The strategy of the studio is not to simply hand a cash infusion to entrepreneurs but offer the tools of a massive brand holding company like P&G — be that distribution, an understanding of regulatory practices or brand building, etc. — to those who have ideas that could potentially blossom into those billion-dollar brands. The goal for P&G Ventures, per Bluestone, is not to invest for a rate of return but to build a brand with an entrepreneur that “will be sustainable, global, that will be noticeably superior.”
Of course, P&G isn’t the only big brand holding company adding a ventures arm; Anheuser-Busch has ZX Ventures, Siemens has Next47 and Visa Ventures. “It’s hard to be innovative and entrepreneurial in a big company so more and more companies have peeled off this component to be a catalyst for growth,” said Allen Adamson, brand consultant and co-founder of Metaforce, adding that other big brand holding companies will likely adopt this strategy. “It’s mission-critical, but there’s a long runway for [the brands the studio creates] to have an impact on the company.”
With a startup studio like P&G Ventures, the company is not looking to generate ideas to update its older brands but to find what the brands of the future will be and have a role in growing them. Bluestone scouts for potential brands for the studio at universities, accelerators, through meetings with investors and other groups to find brands or brand ideas. While each brand deal is different, the studio aims to give those behind a brand whatever they need to help it grow, be that help with brand building, technology, distribution, whatever is needed.
To bring the brands created by P&G Ventures to market, the company uses a direct-to-consumer strategy so “the playbook is different,” said Bluestone. As previously reported by Digiday, growing DTC brands either through acquisitions or in-house has been a recent focus for the company. But that doesn’t mean a brand created via P&G Ventures will only be DTC. The past summer, P&G Ventures took one of those brands, Zevo, a natural insecticide, beyond its DTC roots testing a brick-and-mortar retail presence for the brand within Target and Home Depot.
“Every one of these brands starts DTC,” said Bluestone. “That doesn’t necessarily mean that’s its destination, but it’s a great way to learn, to speak one-to-one with the consumer, to prove out a proposition.”
Others, like Pepper & Wits, are focused on growing out its sole DTC channel. How the brands grow beyond DTC will depend on the brand proposition and how the market responds to it. Once a brand has proven out its proposition and started to generate revenue, P&G Ventures will move it from the creation phase to the build phase with a program called Launchpad where those brands will take on additional funding from the outside via a partnership with venture firm M13.
“The intention is to build them up to a stage where we would buy them back and put them into one of our business units,” said Bluestone. “There’s great external validation that comes from that. Raising money tells you how valuable that idea is. [Already, the studio has] one that has moved in, Pepper & Witz has moved there and two more on the way.”
How marketing capabilities for the brands are handled will vary by brand, but they are typically done in-house rather than with an agency.
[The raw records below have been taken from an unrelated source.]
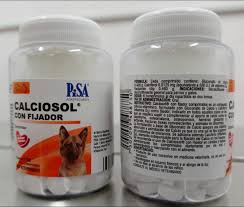 CALCIOSOL con fijador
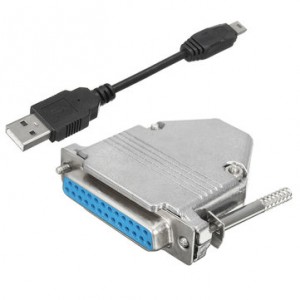 UC100 CNC USB Controller USB To Parallel For Mach3 USB To Parall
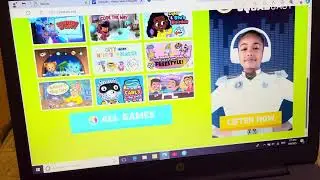 PBS Kids skills ville web site ￼￼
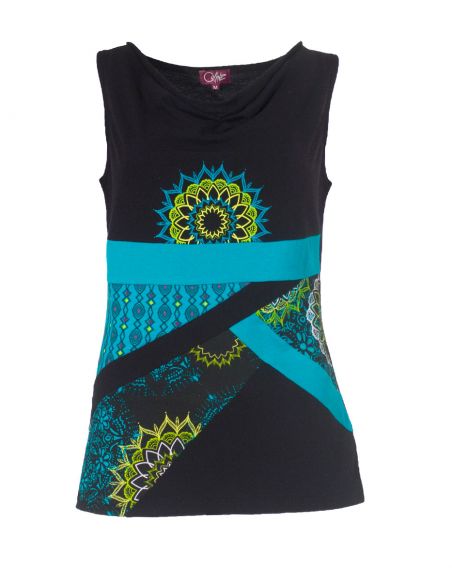 Tee Shirt 97% Coton 3% Elasthanne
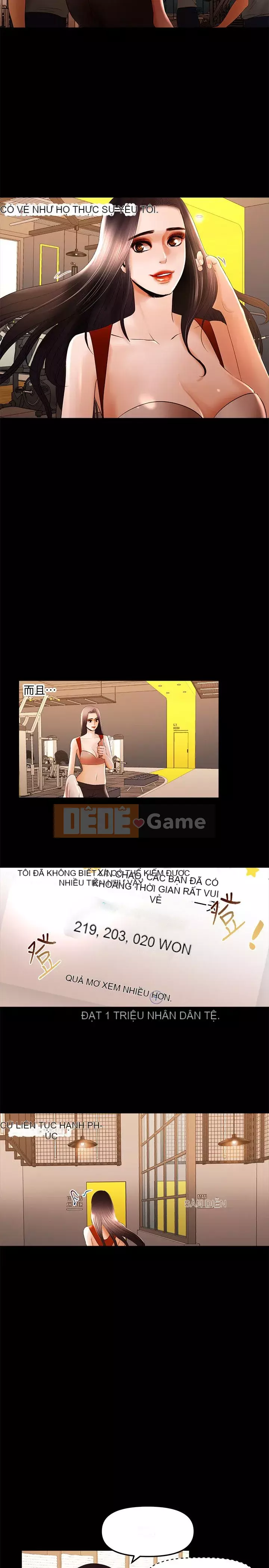 Cha đỡ đầu tôi muốn Chương 1-24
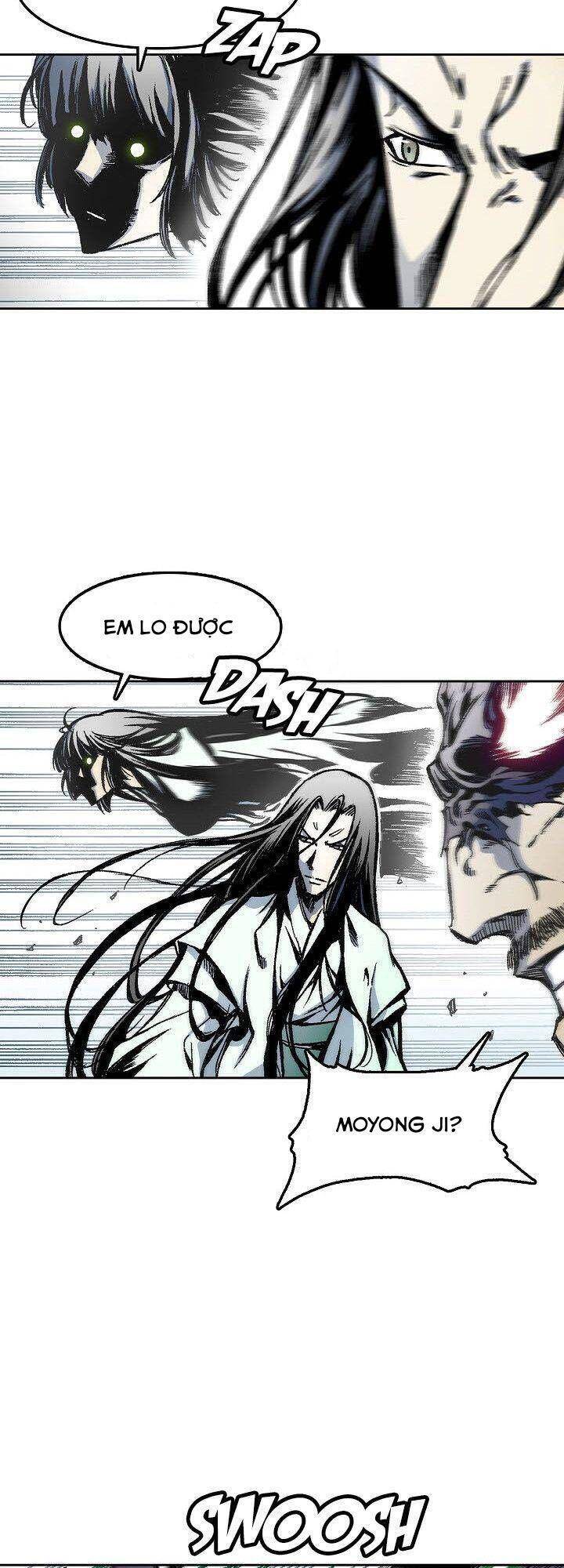 Hồi Ức Của Chiến Thần Chap 22 - Next Chap 23
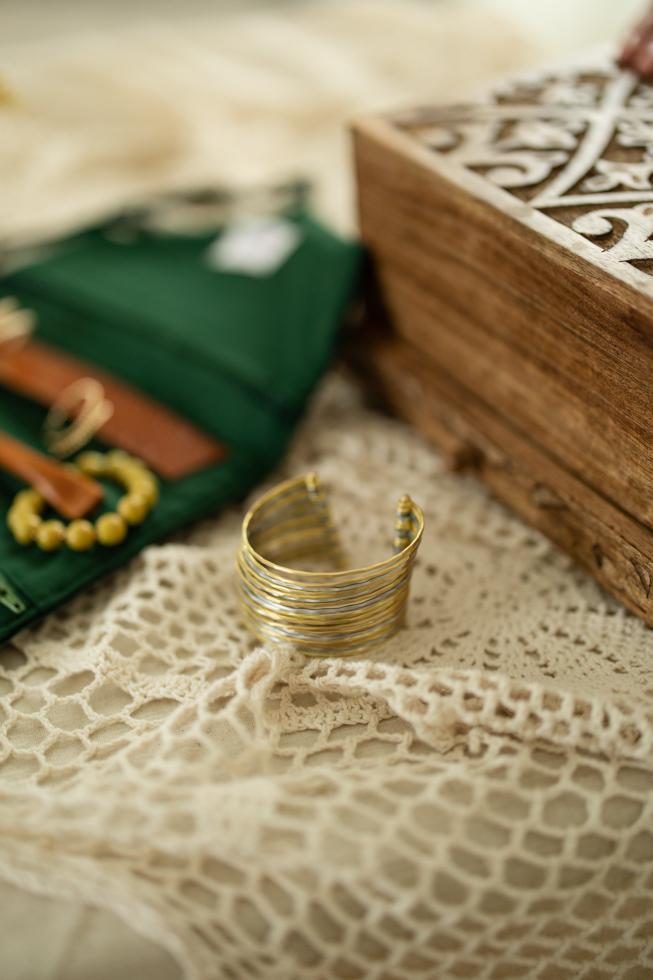 Colexico Cuff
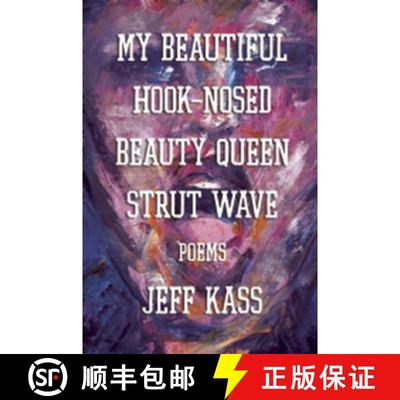 【3-4周达】My Beautiful Hook-Nosed Beauty Queen Strut Wave [9781936873678]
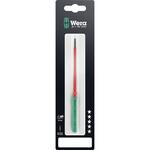 絶縁トルクスドライバービット (クラフトフォームコンパクト) Wera 絶縁トルクスドライバービット (クラフトフォームコンパクト) Wera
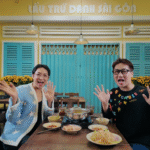 Khám phá tiệm lẩu trứ danh Sài Gòn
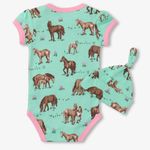 hatley-western-horses-baby-bodysuit-and-hat-2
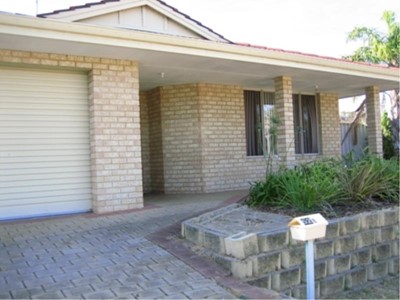 Family home at Spearwood
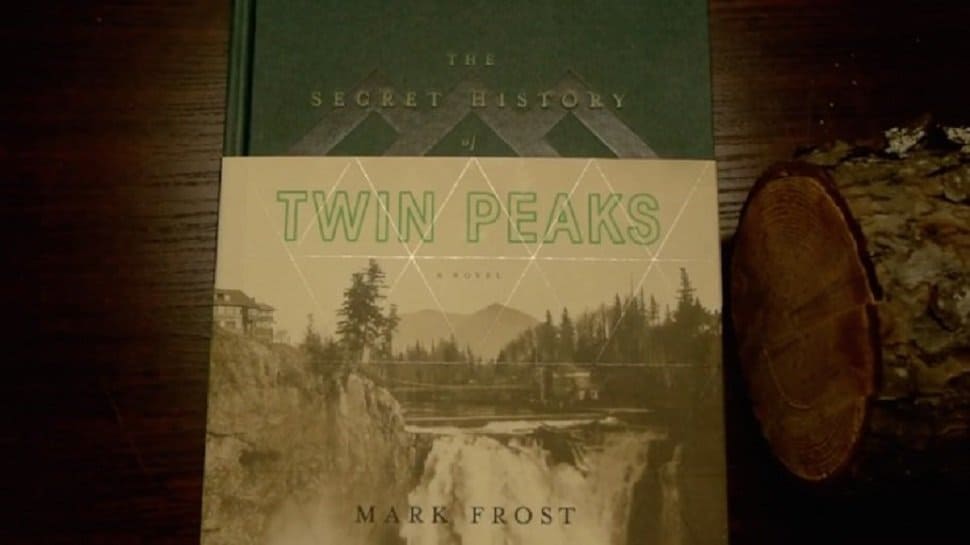 twin peaks secret history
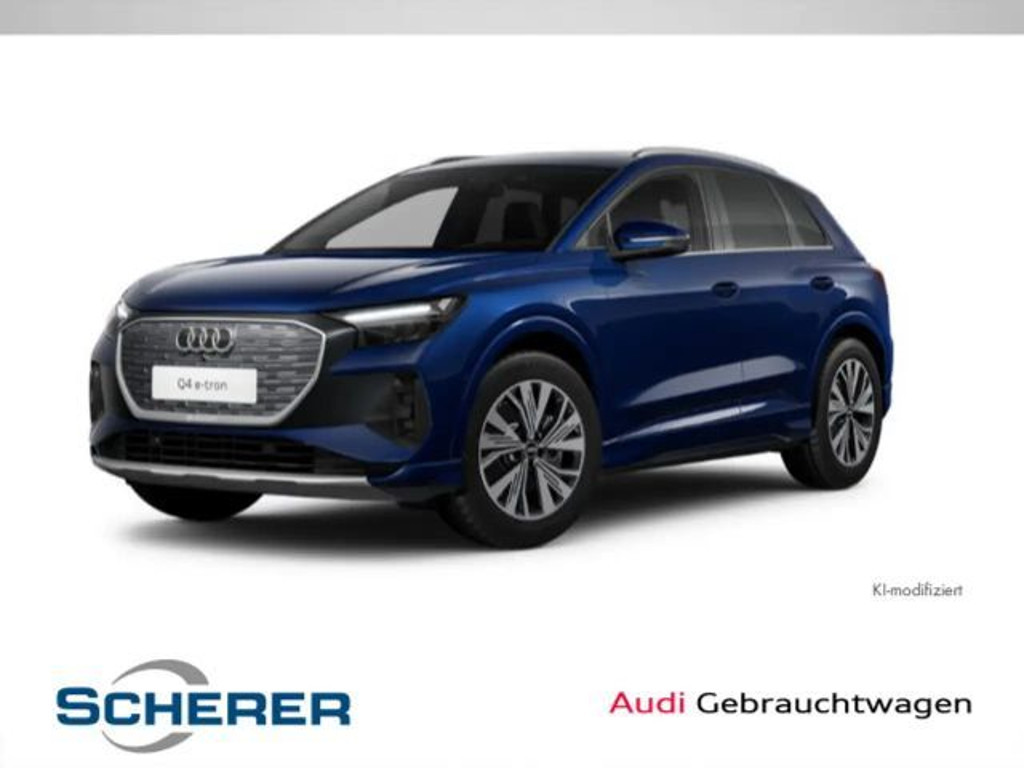 Audi Q4 e-tron 40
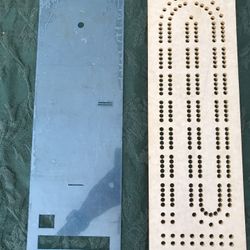Cribbage Board Pattern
Overall, the studio has had help with its DTC strategy from the DTC brands P&G has acquired, like Bevel and First Aid Beauty, taking lessons from those brands and applying them to the ones it is growing.
Building out its own DTC brands rather than solely acquiring DTC brands makes sense for the company. “P&G now has several DTC acquisitions under its belt as a way to buy into relevance,” wrote Dipanjan Chatterjee, vp and principal analyst at Forrester, in an email. “However, acquisitions are culturally messy. And late-term free-spirited brands brought into the fold can get choked by the bureaucracy of big companies. P&G Ventures is a way to find the best of both worlds — to play a role in the inception of a different business and brand models, and then throw its weight at channel management and marketing weight behind them.”
The studio model may also help the company attract younger talent, per Adamson, as younger people with an entrepreneurial spirit would rather create something on their own than work at a big behemoth like P&G.
That said, it may be too early to tell if any of these brands will become the next Dollar Shave Club or Glossier with P&G’s help.
“If CES 2019 was any indication, there is a lot of activity in the innovation that is being brought forward by the group,” wrote Chatterjee. “But these initiatives still have to thrive under an overlord with a less than stellar reputation for progressive innovation. We’ll need a few more years under the belt of these venture-funded brands before we can pass final judgment.”